Örneğin : “İnsan, elektronik alet yapandır.” ifadesinde “elektronik alet yapmak” sadece insana özgü olduğu için “insan” kavramının “özlüğü” olur. Ancak “İnsan, hareket edendir.” ifadesinde “hareket etmek” insan dışında diğer canlılarda da görüldüğünden “insan” kavramının “ilintiliği”dir.
c.
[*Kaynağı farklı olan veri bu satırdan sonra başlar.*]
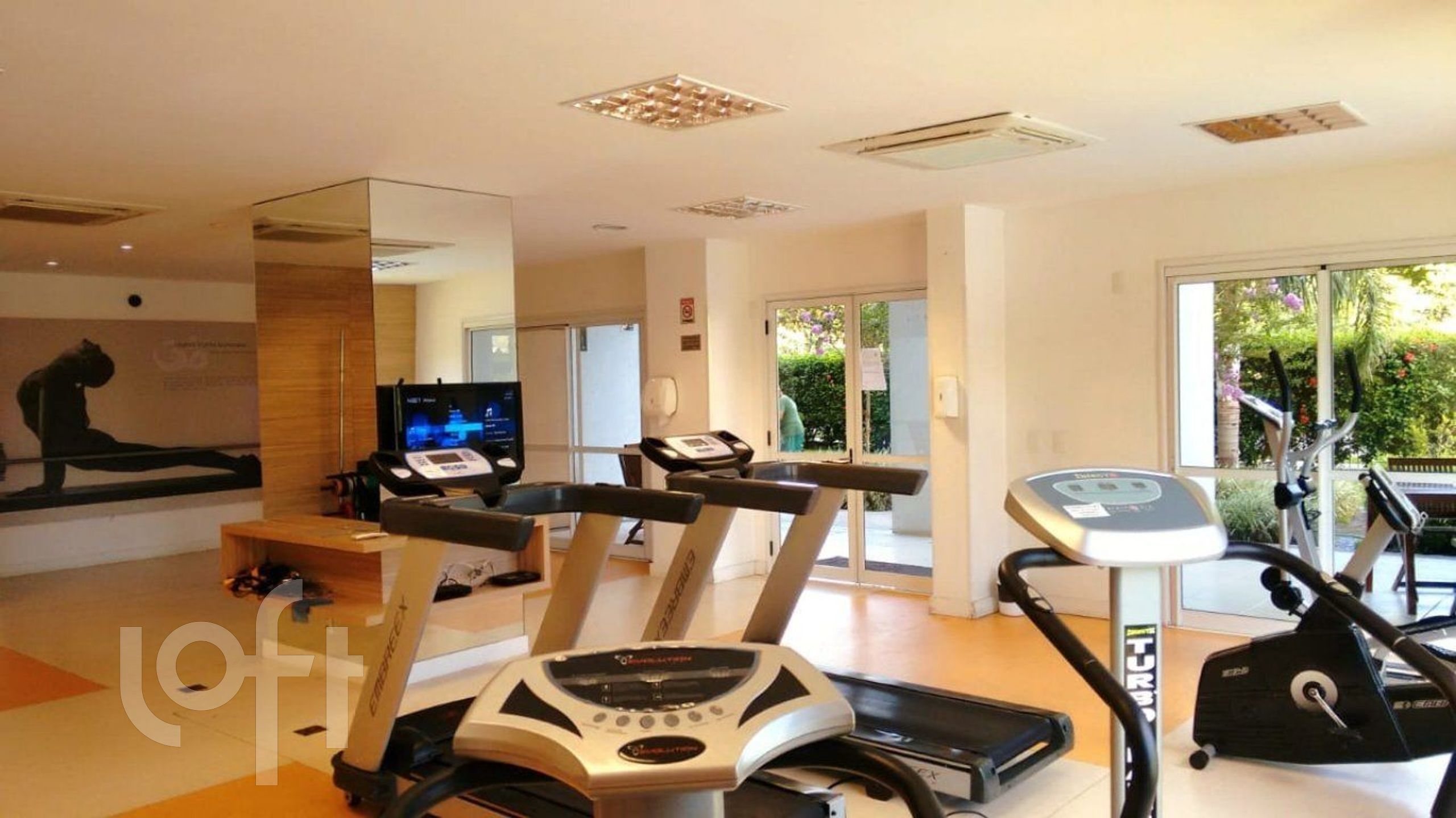 Imagem da propriedade 40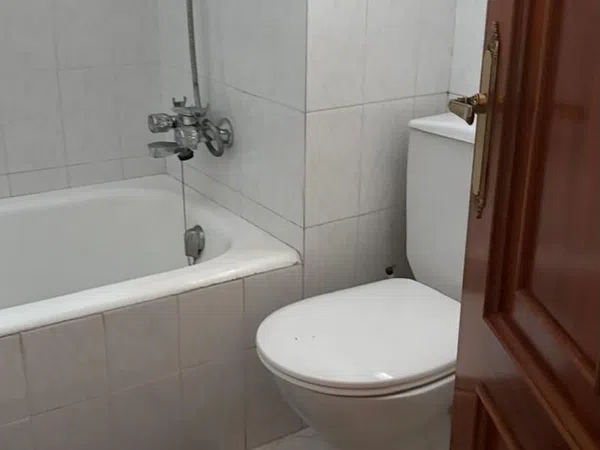 Piso en Calle Manso, 12, La Arena - Foto 12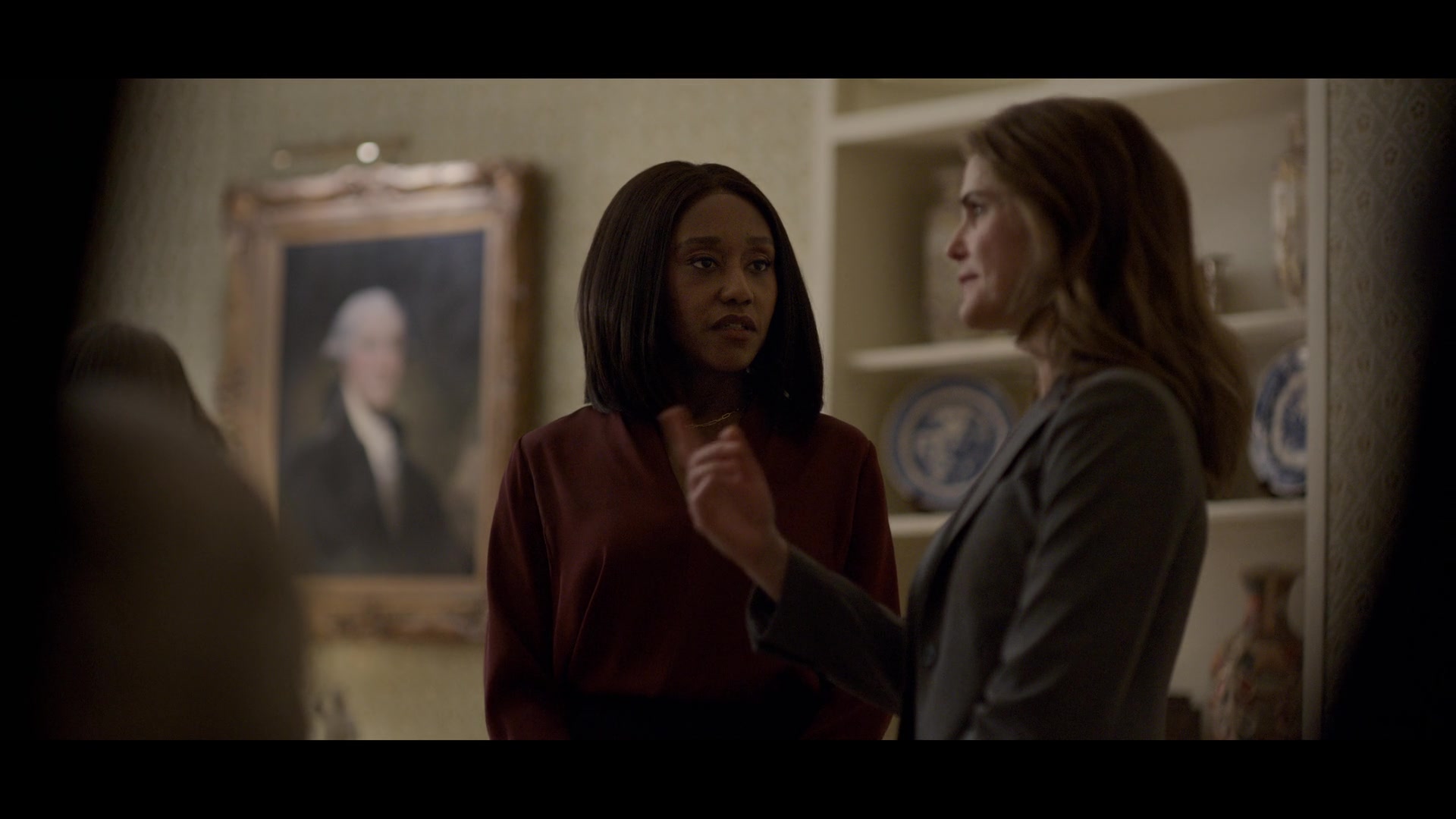 TheRiderlessHorse-047.jpg TheRiderlessHorse-047.jpg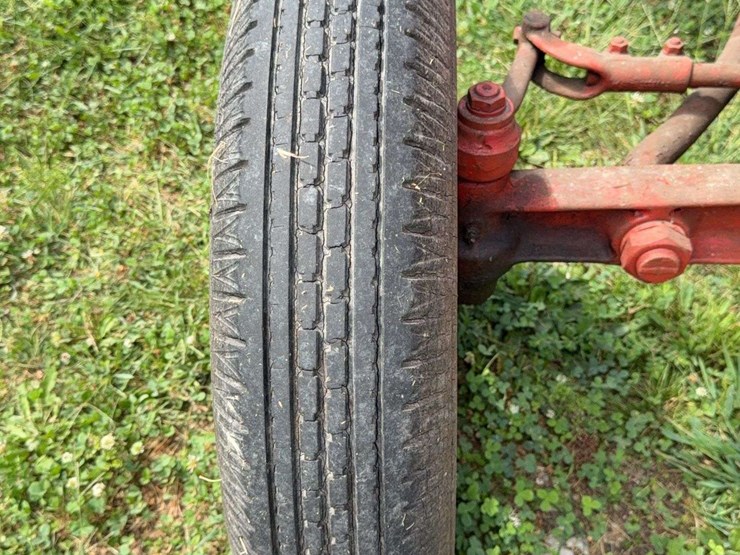 mccormick-w-4-standard-image-13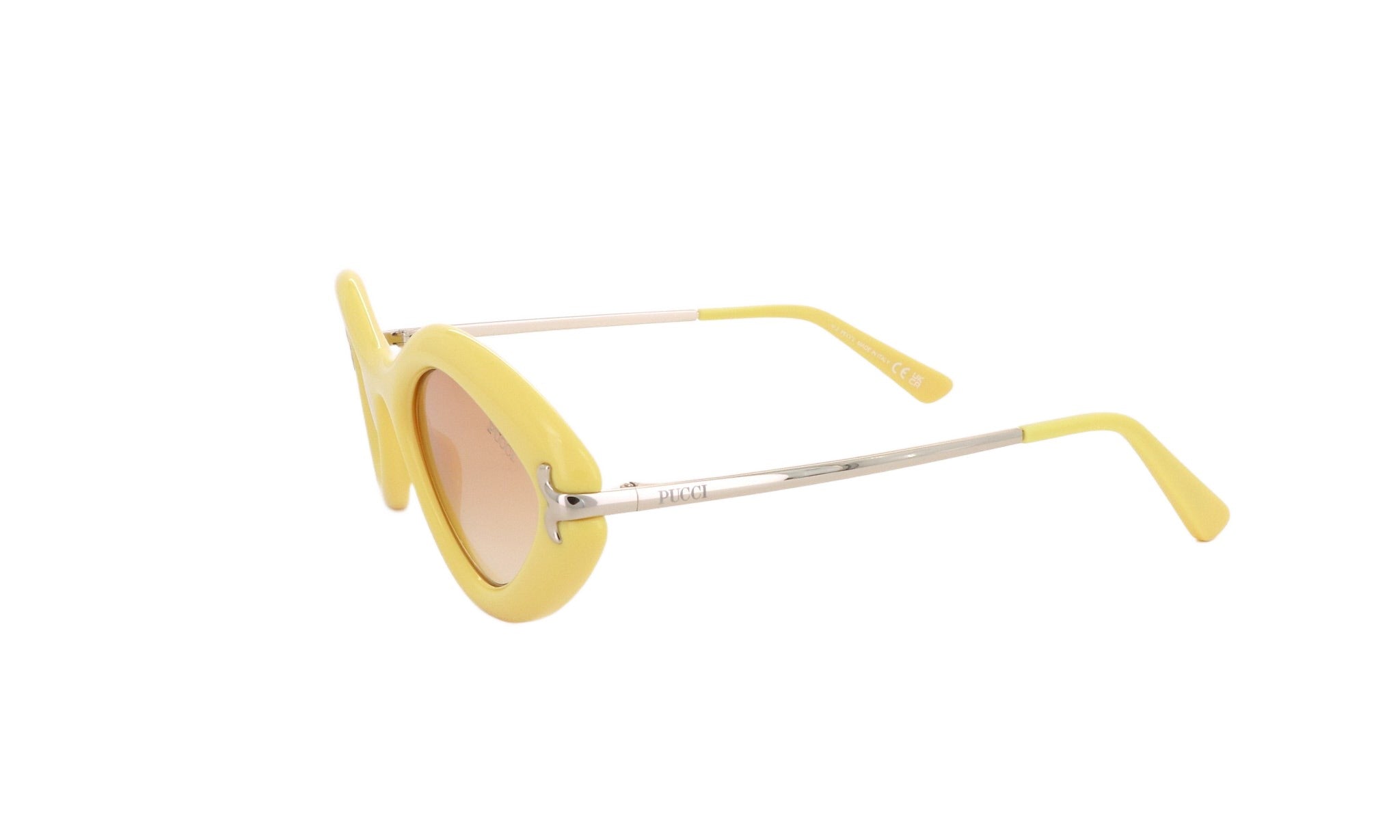 PUCCI EP 0223 - Jorge Oculista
Neliğine Göre Kavramlar
- Genel kavram: Aynı türden nesnelerin ortak özelliklerini dile getiren kavramdır.İnsan,gezegen,kent gibi.
- Tekil kavram: Bir sınıfın sadece bir ferdini gösteren kavramdır.Ali,dünya, İzmir gibi.
K
2- Kavramlar Arası İlişkiler
a. Eşitlik İlişkisi
Eğer, iki kavram, karşılıklı olarak birbirlerinin tüm elemanlarını kapsayıp, bünyelerinde barındırıyorlarsa bu kavramların aralarında eşitlik ilişkisi vardır.
Her konuşan düşünendir.
Her düşünen konuşandır.
b. Ayrıklık İlişkisi
Eğer, iki kavram, birbirlerinin hiçbir elemanını kapsamıyor ve bünyelerinde barındırmıyorlarsa bu kavramların aralarında ayrıklık ilişkisi vardır.
Hiçbir taş kuş değildir.
Hiçbir kuş taş değildir.
c. Tam Girişimlilik İlişkisi
Eğer, bir kavram, diğer bir kavramın tüm elemanlarını kapsıyor; ancak daha özel olan kavram, diğerinin sadece bazı elemanlarını kapsıyor ise bu kavramların arasında tam girişimlilik ilişkisi vardır.
Bütün güller çiçektir. Bazı çiçekler güldür.
d. Eksik Girişimlilik İlişkisi
Eğer, iki kavram da karşılıklı olarak birbirlerinin bazı elemanlarını kapsıyorlarsa, aralarında eksik girişimlilik ilişkisi vardır.
Bazı öğretmenler bayandır. Bazı bayanlar öğretmendir.
3- Tanım
Herhangi bir kavramın anlamını, diğer kavramları kullanarak daha anlaşılır hale getirmektir.
Tanımın Özellikleri:
– Tanım tam olmalıdır. Yani tanımlanan kavrama dahil tüm elemanlar tanımda kapsanmalı, o kavrama dahil olmayanlar dışarıda bırakılmalıdır.”İnsan,iki ayaklı bir canlıdır.” Tanımı kuşları da içine aldığından iyi bir tanım değildir.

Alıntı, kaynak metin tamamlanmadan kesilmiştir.